I admit to multitasking the March 3rd Republican debate with Robin Dreeke’s new book. That is, until Donald Trump’s response “Just look at the size of those hands,” crossed the screen. It was a response to Marco Rubio’s prior unfortunate joke “And you know what they say about guys with small hands” that occurred at a campaign rally the prior week. I had the feeling I was watching a campaign end, watching it go into free fall before my eyes, but I couldn’t have told you why, and it wasn’t confirmed until the Florida primary results arrived.
Which rules?
Marco Rubio was branded as a values candidate, and he was applying for a heroic position. When he stepped in to counterpunch a joke with a crasser joke, he told one that crossed a line for most of his values watchers, and Trump made sure to allude to it so that we could all reimagine it. Robin Dreeke tells a story about road rage, and how he disarmed a passionately angry driver with smiles and calm empathy. Now, no one would expect Rubio’s opponents to be affected by such measures. Dreeke claims biology backs his claims though, so most viewers would be inclined to react positively to calm empathy (for the viewer), assuming it was also witty enough not to be entirely forgotten. Dreeke calls this ego suspension.
Worse, connections have to be encouraged with sincerity. When Rubio broke character, as a viewer it seemed we could perceive one of three choices, all bad for Rubio: 1) if he was insincere it could come off as uncaring and cold (especially to viewers with children watching) 2) if he was sincere he was showing his character could be broken — and if by this opponent here, what about it other higher stakes situations for our country? or 3) he was immature, young and belonged in the school yard. Stick with sincerity in character, on message.
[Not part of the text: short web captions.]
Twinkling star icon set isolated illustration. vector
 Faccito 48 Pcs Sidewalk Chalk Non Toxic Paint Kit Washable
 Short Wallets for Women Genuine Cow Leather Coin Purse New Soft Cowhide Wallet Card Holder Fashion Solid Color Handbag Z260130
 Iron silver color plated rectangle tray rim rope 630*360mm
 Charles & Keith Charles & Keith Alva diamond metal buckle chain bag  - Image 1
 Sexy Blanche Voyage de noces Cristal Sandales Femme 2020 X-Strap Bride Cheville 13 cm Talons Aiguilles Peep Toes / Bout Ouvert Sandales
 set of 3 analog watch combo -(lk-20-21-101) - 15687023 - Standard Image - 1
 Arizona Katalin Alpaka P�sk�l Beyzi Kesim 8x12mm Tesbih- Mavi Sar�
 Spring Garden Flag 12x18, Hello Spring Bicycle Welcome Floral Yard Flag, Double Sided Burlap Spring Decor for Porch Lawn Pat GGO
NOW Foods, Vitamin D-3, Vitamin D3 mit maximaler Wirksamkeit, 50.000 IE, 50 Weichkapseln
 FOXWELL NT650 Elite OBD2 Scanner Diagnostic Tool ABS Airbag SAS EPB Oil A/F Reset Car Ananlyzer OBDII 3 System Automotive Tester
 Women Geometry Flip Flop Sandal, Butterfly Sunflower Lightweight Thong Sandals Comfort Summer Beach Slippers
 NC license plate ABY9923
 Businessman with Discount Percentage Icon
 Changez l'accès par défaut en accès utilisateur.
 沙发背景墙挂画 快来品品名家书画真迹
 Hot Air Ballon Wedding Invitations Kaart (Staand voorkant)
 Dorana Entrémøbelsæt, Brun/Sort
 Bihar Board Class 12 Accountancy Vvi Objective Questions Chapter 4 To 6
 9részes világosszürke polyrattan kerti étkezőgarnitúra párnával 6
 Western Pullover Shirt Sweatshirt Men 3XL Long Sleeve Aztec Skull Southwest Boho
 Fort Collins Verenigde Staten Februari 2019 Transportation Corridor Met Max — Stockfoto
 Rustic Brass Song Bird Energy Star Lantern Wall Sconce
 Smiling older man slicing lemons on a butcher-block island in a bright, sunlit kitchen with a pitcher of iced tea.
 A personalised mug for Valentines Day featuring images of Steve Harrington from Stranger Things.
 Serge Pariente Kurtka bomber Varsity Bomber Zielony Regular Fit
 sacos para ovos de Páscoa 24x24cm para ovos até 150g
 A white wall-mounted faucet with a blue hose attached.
2. Accommodating body language includes slower speech so that people can follow.
When Rubio gets excited he effervesces policy with rapid speech, as if he was speaking English as fast as he thinks, not at the rate we can hear. It may be great policy and yes there is a time limit at the debate, which is what makes us so willing to tune in and listen. But fewer words at a slower pace would make him sound more credible.
3. Listen
In my opinion, however, he lost it at the first point, and the second two points are window dressing. If so, he lost an entire campaign by not rejecting one joke he will never forget — and taught a lesson we would do well never to forget.